In May 2020, 13 residents living in the area where the construction work was taking place filed for a provisional order by the court to stop the drilling work, arguing that it would destabilize the ground.
Then, in October 2020, a cave-in occurred on a portion of a road in Chofu where the construction work was being done, creating a huge sinkhole about 3 meters long and around 5 meters wide. The excavation work was then suspended.
Mari Mokudai, a presiding judge, ruled that there is a risk of a dangerous repeat if the work resumes because the land that one of the plaintiffs lives on is in the same condition as the land that caved in.
“Another cave-in would completely disrupt the plaintiff’s daily life by making their house collapse and putting their body and life at risk,” she said in the ruling.

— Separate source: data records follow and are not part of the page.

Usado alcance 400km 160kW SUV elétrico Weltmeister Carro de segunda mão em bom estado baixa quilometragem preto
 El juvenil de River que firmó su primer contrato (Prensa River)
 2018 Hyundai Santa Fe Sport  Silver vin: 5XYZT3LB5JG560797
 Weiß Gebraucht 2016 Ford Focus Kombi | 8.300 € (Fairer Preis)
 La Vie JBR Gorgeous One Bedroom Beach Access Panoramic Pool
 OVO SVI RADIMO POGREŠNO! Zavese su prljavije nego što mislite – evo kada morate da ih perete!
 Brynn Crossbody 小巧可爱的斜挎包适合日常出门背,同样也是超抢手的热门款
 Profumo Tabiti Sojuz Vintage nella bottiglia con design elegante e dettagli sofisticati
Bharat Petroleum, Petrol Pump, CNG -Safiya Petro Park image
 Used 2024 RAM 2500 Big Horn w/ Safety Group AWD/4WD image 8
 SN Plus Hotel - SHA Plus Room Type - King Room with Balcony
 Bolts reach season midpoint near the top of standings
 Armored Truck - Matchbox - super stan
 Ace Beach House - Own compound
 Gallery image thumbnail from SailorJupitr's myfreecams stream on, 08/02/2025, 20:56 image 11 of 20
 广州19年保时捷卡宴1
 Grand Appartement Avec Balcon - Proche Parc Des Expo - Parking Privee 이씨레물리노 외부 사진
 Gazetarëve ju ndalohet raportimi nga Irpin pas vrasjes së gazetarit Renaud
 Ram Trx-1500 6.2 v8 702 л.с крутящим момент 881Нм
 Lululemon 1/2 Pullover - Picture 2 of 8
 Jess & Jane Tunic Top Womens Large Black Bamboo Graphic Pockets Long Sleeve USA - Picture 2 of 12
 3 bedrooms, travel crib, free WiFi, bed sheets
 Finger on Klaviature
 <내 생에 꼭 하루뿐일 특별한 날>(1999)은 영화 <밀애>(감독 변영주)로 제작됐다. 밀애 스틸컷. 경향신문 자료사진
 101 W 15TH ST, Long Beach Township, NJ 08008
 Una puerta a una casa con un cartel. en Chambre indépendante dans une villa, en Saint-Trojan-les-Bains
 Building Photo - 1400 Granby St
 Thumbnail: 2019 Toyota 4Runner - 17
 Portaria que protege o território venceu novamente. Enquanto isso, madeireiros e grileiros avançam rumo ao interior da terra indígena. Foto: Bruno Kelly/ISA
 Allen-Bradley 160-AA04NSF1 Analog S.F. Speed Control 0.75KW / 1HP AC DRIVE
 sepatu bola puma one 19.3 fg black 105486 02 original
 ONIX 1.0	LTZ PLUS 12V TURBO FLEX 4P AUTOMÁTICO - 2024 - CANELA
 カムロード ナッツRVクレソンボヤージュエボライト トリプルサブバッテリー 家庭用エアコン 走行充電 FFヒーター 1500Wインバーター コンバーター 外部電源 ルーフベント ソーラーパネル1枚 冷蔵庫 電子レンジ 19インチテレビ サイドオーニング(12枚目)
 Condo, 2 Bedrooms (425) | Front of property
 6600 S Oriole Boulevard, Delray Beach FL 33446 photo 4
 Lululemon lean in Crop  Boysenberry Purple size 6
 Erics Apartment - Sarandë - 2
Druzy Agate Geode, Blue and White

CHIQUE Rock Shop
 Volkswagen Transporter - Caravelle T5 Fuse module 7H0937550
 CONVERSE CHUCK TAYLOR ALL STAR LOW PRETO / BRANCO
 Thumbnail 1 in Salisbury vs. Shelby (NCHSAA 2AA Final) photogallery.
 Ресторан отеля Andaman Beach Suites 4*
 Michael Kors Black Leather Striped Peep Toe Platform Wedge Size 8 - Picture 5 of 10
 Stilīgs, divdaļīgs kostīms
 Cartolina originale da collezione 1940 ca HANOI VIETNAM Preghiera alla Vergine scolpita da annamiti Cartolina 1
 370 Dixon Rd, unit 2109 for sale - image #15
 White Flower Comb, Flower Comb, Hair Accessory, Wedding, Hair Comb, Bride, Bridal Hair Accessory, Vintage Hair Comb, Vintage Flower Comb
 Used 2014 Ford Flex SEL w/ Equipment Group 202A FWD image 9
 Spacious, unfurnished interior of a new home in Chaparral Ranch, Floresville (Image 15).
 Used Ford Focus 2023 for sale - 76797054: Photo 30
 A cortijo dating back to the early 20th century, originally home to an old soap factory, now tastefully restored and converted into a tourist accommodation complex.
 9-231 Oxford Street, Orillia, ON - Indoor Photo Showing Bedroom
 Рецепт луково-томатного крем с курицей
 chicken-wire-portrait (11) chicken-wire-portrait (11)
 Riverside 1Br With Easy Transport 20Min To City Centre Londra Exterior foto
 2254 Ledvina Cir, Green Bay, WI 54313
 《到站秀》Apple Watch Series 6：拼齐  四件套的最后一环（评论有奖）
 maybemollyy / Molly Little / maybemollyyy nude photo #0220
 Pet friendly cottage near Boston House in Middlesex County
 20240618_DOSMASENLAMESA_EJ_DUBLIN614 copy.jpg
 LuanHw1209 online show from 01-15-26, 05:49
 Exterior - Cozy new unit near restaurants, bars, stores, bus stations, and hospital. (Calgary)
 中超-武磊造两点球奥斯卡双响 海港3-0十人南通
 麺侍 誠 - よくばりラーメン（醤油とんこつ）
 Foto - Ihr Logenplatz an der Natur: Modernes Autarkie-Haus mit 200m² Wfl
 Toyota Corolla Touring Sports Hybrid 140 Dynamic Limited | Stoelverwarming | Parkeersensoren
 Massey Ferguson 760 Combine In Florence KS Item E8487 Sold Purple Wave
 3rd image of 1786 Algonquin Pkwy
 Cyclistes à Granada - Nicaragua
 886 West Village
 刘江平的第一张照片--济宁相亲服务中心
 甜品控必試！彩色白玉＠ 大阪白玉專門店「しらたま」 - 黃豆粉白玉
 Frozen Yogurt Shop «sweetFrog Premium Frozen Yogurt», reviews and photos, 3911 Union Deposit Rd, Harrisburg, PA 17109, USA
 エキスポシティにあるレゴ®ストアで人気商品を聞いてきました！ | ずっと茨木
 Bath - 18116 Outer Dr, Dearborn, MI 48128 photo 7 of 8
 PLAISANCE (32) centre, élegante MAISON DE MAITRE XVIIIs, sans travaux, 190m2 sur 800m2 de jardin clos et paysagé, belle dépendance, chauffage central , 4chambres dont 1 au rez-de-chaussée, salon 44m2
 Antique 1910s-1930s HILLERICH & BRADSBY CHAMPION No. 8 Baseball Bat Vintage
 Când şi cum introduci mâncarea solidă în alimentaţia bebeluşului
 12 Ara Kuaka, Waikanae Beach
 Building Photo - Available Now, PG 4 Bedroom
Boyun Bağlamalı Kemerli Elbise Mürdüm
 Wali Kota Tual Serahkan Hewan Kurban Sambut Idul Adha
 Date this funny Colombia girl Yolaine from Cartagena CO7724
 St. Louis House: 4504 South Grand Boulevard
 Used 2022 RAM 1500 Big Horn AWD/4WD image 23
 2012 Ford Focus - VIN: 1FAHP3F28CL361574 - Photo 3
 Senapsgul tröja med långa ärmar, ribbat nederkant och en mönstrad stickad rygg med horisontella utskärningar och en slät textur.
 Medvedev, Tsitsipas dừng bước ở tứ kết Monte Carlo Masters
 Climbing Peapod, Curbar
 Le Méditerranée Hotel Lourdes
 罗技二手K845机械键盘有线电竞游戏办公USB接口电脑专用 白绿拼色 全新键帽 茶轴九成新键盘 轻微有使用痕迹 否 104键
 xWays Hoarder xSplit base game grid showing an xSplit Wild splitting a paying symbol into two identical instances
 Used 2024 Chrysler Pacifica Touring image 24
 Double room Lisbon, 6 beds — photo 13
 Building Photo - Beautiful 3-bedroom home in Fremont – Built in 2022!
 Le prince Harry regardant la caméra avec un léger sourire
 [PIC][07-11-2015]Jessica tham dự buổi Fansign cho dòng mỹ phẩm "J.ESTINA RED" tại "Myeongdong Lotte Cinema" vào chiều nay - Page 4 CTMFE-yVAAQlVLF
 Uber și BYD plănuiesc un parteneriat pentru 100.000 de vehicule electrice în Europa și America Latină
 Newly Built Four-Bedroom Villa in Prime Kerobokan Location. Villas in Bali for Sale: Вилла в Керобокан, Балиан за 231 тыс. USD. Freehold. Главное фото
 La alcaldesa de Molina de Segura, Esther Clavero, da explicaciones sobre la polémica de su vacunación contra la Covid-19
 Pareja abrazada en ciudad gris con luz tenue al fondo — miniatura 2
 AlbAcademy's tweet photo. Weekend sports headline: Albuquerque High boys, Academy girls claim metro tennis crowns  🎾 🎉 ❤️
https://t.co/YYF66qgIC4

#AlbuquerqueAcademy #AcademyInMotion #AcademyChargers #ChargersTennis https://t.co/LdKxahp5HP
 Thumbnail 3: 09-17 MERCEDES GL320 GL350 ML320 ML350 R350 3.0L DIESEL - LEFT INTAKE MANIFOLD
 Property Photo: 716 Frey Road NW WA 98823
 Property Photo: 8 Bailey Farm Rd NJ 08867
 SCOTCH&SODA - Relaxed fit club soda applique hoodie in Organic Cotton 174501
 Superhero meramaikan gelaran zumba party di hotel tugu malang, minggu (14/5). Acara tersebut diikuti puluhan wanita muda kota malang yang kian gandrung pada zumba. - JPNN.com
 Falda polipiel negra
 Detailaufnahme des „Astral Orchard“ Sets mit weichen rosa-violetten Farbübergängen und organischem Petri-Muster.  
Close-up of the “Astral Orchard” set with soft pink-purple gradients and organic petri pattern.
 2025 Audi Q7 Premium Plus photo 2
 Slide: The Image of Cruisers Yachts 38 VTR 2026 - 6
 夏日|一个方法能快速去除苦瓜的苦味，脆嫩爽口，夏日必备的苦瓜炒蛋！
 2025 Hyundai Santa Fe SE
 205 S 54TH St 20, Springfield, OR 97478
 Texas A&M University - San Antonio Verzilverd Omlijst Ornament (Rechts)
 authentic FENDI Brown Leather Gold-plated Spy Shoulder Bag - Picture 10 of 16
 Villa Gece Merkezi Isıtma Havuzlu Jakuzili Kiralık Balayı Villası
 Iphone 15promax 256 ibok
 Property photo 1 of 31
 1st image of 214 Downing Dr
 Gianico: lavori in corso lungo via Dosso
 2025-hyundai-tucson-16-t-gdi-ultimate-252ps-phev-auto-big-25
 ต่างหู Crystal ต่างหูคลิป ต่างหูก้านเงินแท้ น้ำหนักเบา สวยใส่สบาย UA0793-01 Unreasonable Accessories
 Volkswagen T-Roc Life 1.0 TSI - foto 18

The construction operators maintained throughout the trial that another cave-in would not occur because they would take countermeasures, such as strengthening the ground.
However, the judge dismissed this argument, saying that no detailed measures to prevent a recurrence were produced.
A lawyer for the plaintiffs hailed the ruling as a landmark decision, but said it still falls short because it did not ban all further construction work in the project.
The operators resumed the excavation work on Feb. 25 in a different area than where the court ban applies.
One of the plaintiffs, Shigetake Maruyama, 80, said at a news conference after the ruling that the project should be re-examined in light of safety.
“I urge the operators to stop all the construction work and review the risk,” he said.
Following the ruling, the transport ministry and East Nippon Expressway commented, “We would like to deal with the issue appropriately.”